• _Your goal_:
Starting at the top of the records below and ending with the line that contains "This crossing is", print each line exactly as written, skipping the pictures.

• _Supplied information_:

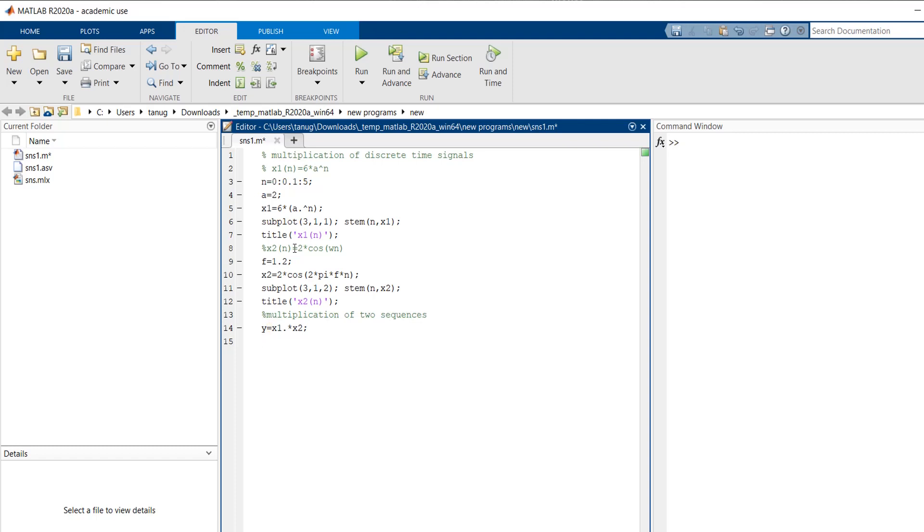Then we have to plot this, so subplot three rows, one column, and this is my third graph. So 3, and then stem to plot this discrete signal. So n is my x-axis and this is y.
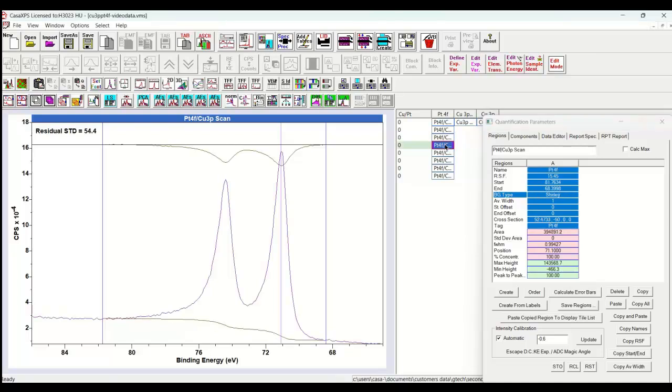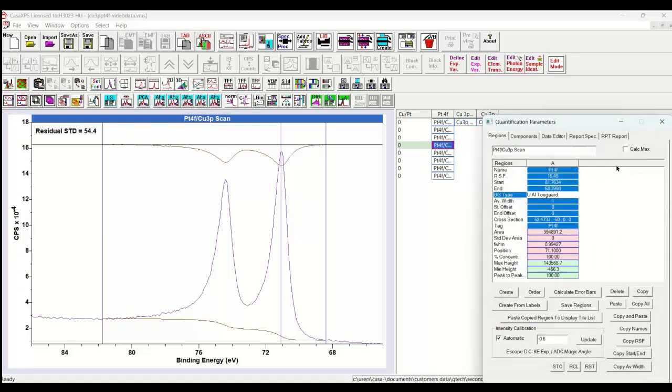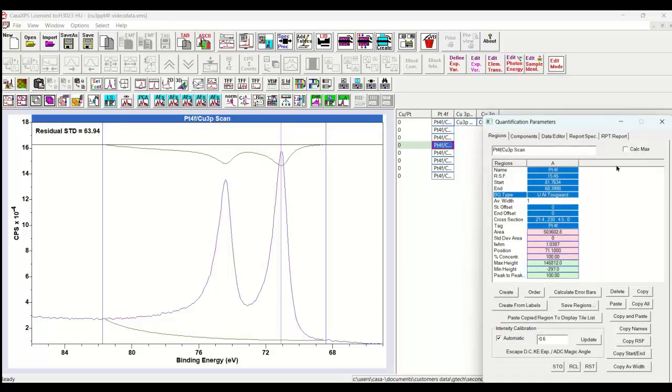So there's another background. What else can we use? We could use an aluminum background. This is another Tougaard background, a U aluminum Tougaard background. These are cross-sections that have been designed for aluminum. That's totally inappropriate for these data, but let's just illustrate what they look like. And we get a completely different shape to the background. So the background that we're choosing makes a difference to the shapes of these peaks.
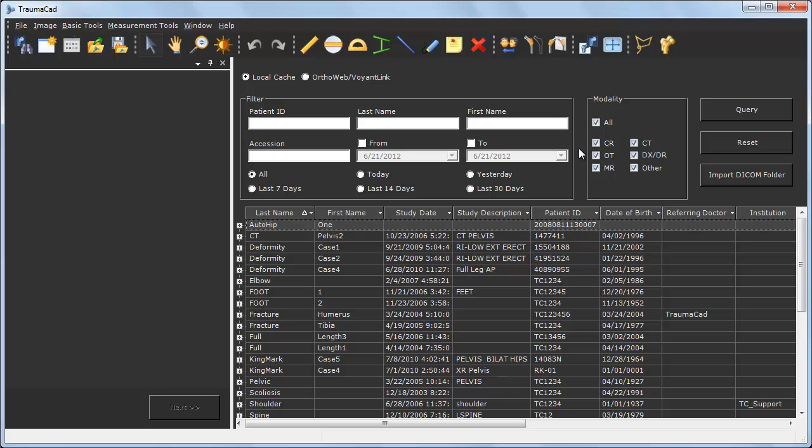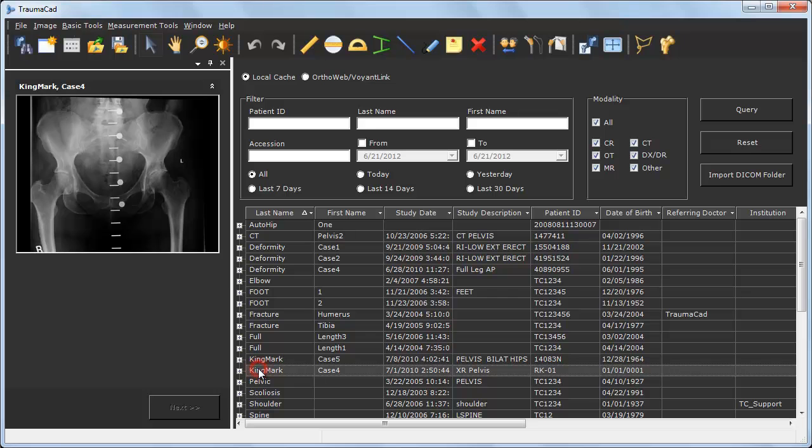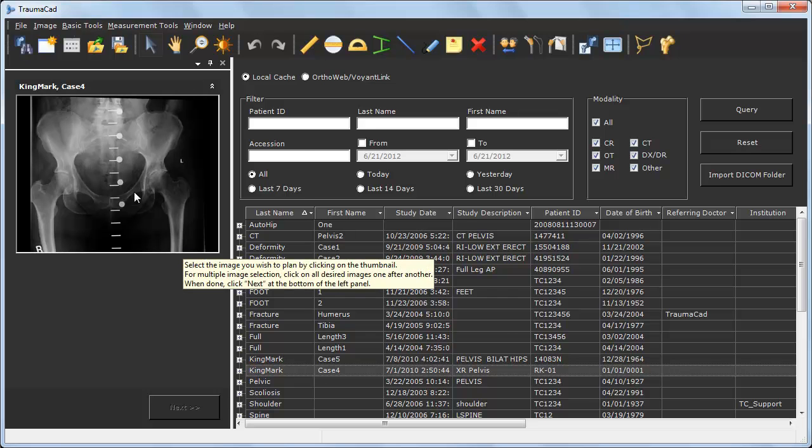To get started, you can simply select any image from the PACS or any other local storage, and you are ready to go.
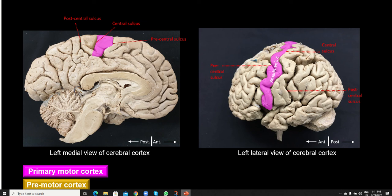This crossing is called decussation. Therefore, usually the right side of the brain controls the left side of the body, while the left brain controls the right side. This means that if there is a stroke involving the right precentral gyrus — the right primary motor area — there will be paralysis of the voluntary muscles on the left side of the body. If there is involvement of the precentral gyrus on the left side due to a stroke or a clot of the vessel supplying this area, that would result in paralysis of voluntary muscles on the right side of the body.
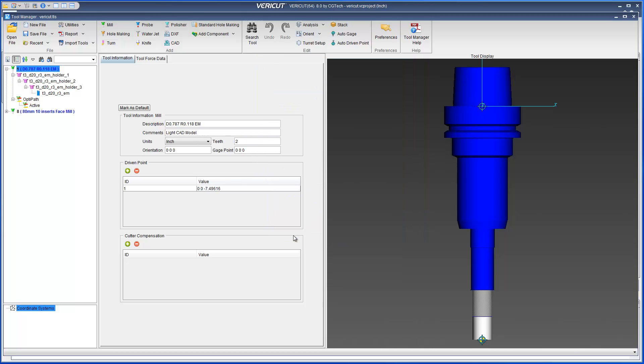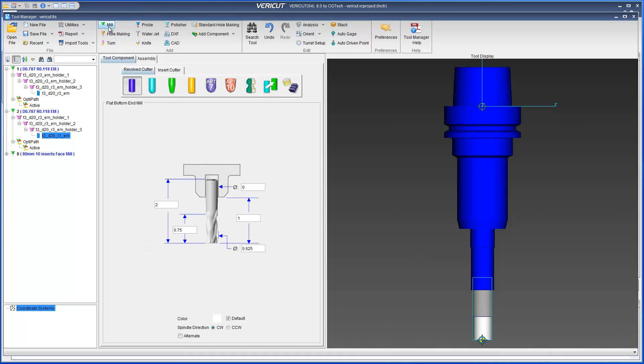For Veracut 8.0, a new option has been added, mark as default. This option gives you the ability to specify the current tool as the default tool for the current tool type and unit type.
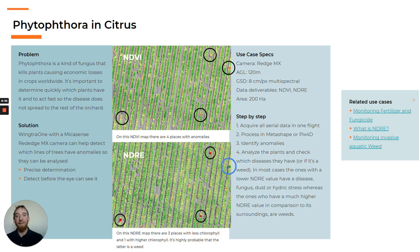While on the NDVI it was possible to detect certain anomalies in four spots, on the NDRE it was easy to see three spots with less chlorophyll and one spot with more chlorophyll and thus a healthier plant. Upon watching the plants closely, it was confirmed that on the three spots there were fungus, while on the last spot there were weeds that were growing fast.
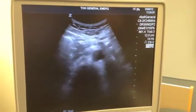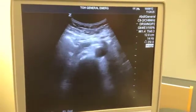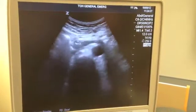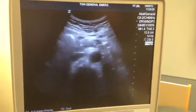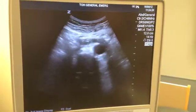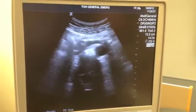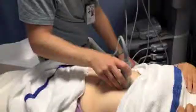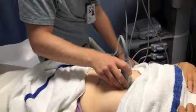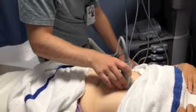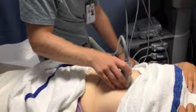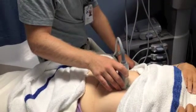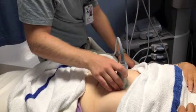The aorta is not compressible — as I apply pressure, it's not getting smaller. Screen left of the aorta, you can actually see the IVC, which is compressible. I'll identify the aorta on the screen, and once I'm sure I see it, I'll follow it down.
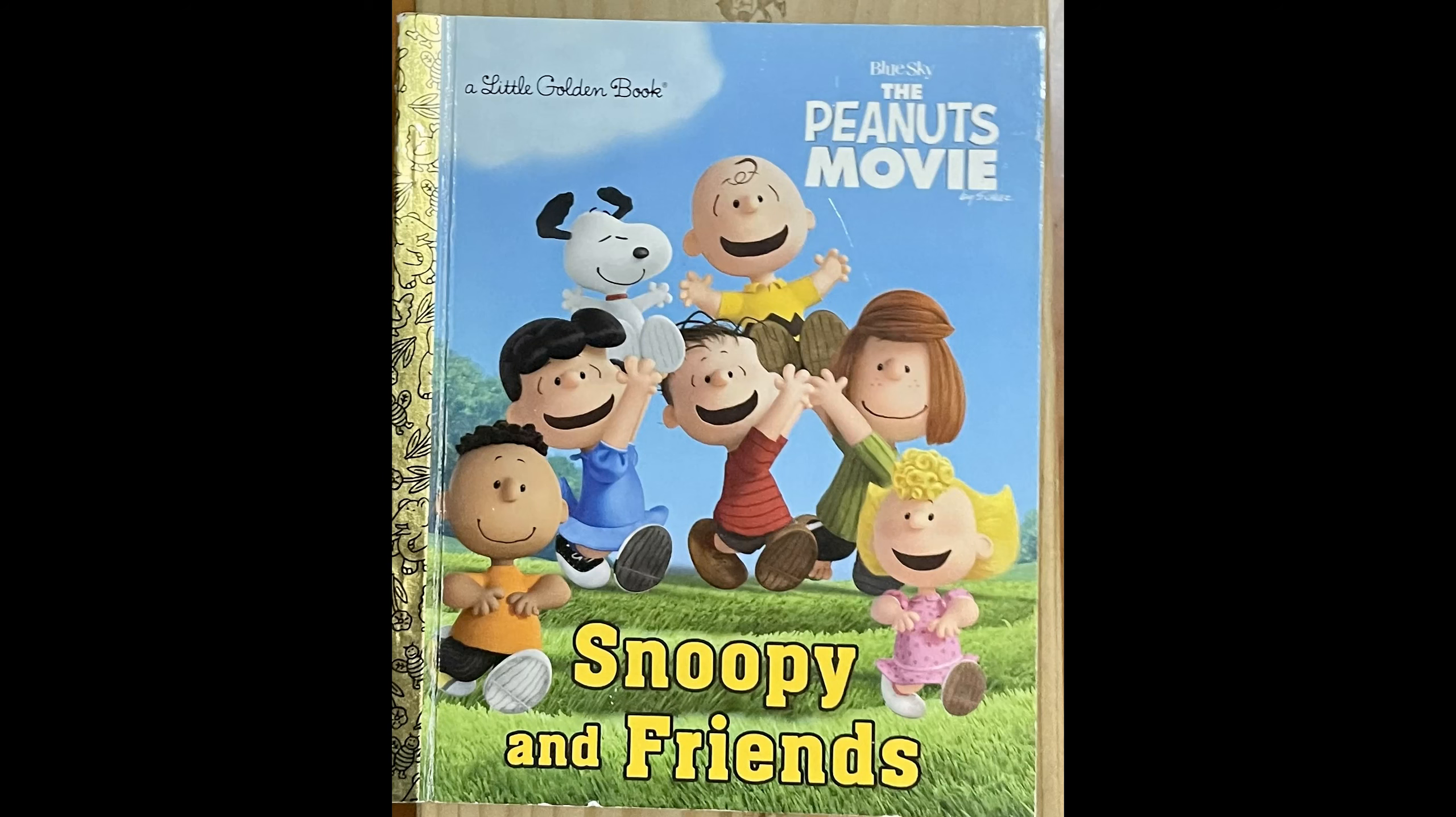Almost never wins, but he never gives up. Charlie Brown's best friend is his dog, the world-famous Beagle, Snoopy.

• _Result_:
Then we have to plot this, so subplot three rows, one column, and this is my third graph. So 3, and then stem to plot this discrete signal. So n is my x-axis and this is y.
So there's another background. What else can we use? We could use an aluminum background. This is another Tougaard background, a U aluminum Tougaard background. These are cross-sections that have been designed for aluminum. That's totally inappropriate for these data, but let's just illustrate what they look like. And we get a completely different shape to the background. So the background that we're choosing makes a difference to the shapes of these peaks.
To get started, you can simply select any image from the PACS or any other local storage, and you are ready to go.
This crossing is called decussation. Therefore, usually the right side of the brain controls the left side of the body, while the left brain controls the right side. This means that if there is a stroke involving the right precentral gyrus — the right primary motor area — there will be paralysis of the voluntary muscles on the left side of the body. If there is involvement of the precentral gyrus on the left side due to a stroke or a clot of the vessel supplying this area, that would result in paralysis of voluntary muscles on the right side of the body.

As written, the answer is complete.